[Records from a data collection]

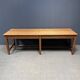 Large antique drapery fabric table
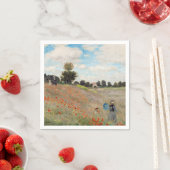 Claude Monet - Mohnfeld Serviette (Beispiel)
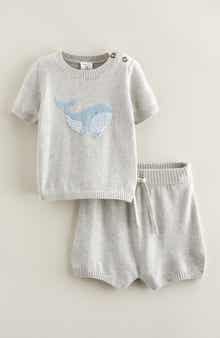 Nordstrom Motif Short Sleeve Cotton Blend Sweater & Shorts Set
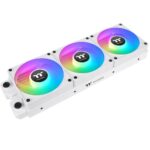 Thermaltake CT140 EX Premium 140mm PWM Cooling Fan Set with ARGB – White - Image 2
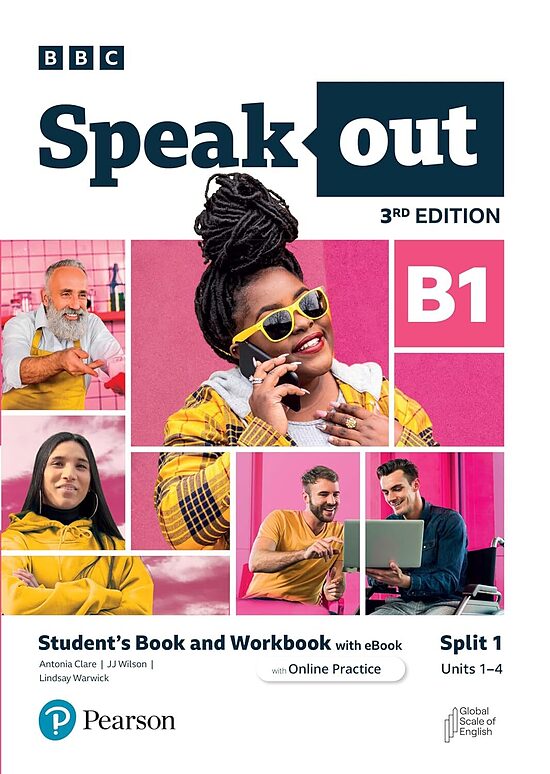Speakout 3ed B1 Student's Book and Workbook with eBook and Online Practice Split 1 (Unit 1-4)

● **The problem**
The entries are to be written out again exactly, without their pictures.

● **Task answer**
 Large antique drapery fabric table
 Claude Monet - Mohnfeld Serviette (Beispiel)
 Nordstrom Motif Short Sleeve Cotton Blend Sweater & Shorts Set
 Thermaltake CT140 EX Premium 140mm PWM Cooling Fan Set with ARGB – White - Image 2
Speakout 3ed B1 Student's Book and Workbook with eBook and Online Practice Split 1 (Unit 1-4)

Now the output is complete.